> Source data:
-------------------------
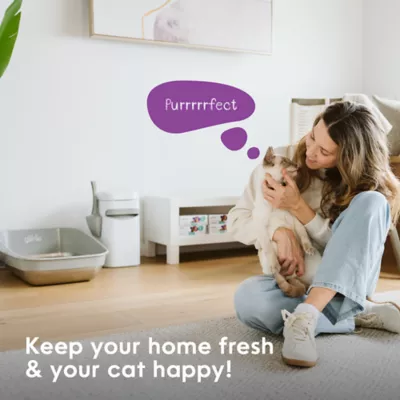Litter Genie Platinum Steel Litter Box - Image 10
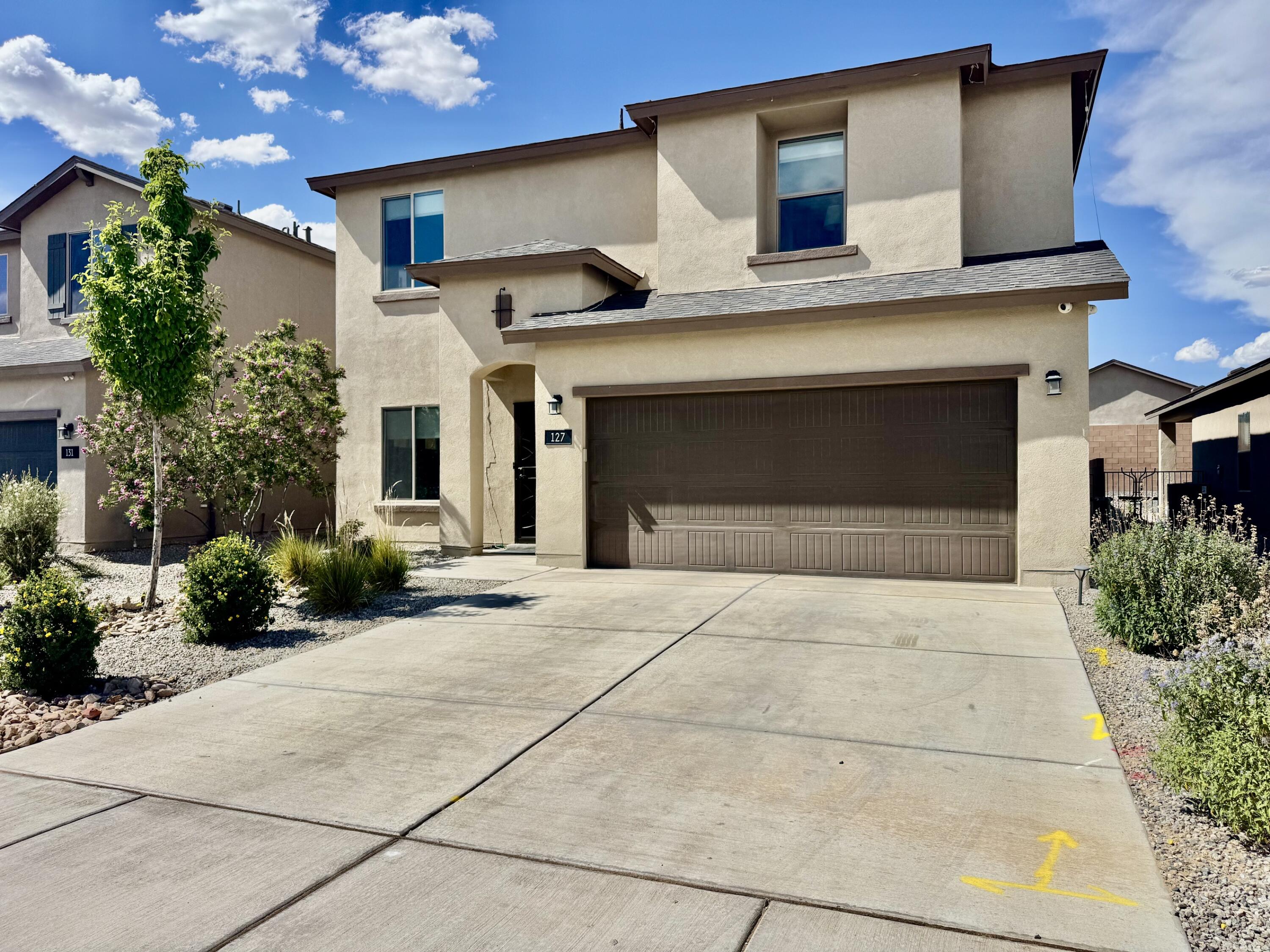 Single family home for sale at 127 Prism Ave SW, Rio Rancho, NM 87124 | MLS# 1104868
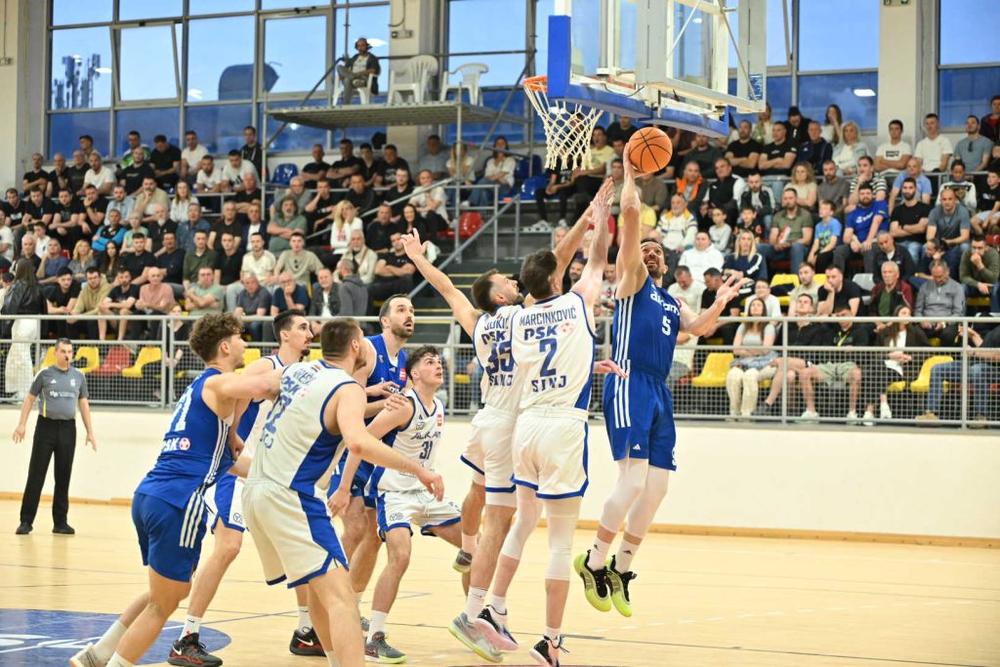 DINAMO U ZAVRŠNICI IZGUBIO OD ALKARA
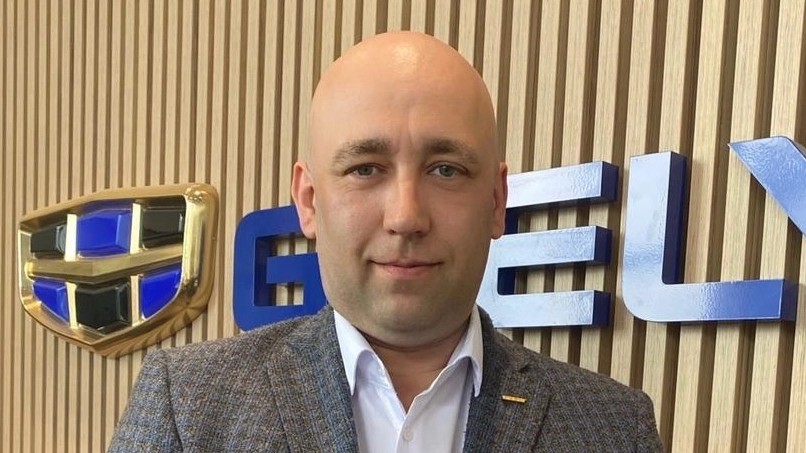 Долженков Антон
-------------------------
> What you need to do:
Your output should be only the lines from the line with "Single family home" through the end of the data, exactly as they stand, and no pictures.

> Solution for this problem:
 Single family home for sale at 127 Prism Ave SW, Rio Rancho, NM 87124 | MLS# 1104868
 DINAMO U ZAVRŠNICI IZGUBIO OD ALKARA
 Долженков Антон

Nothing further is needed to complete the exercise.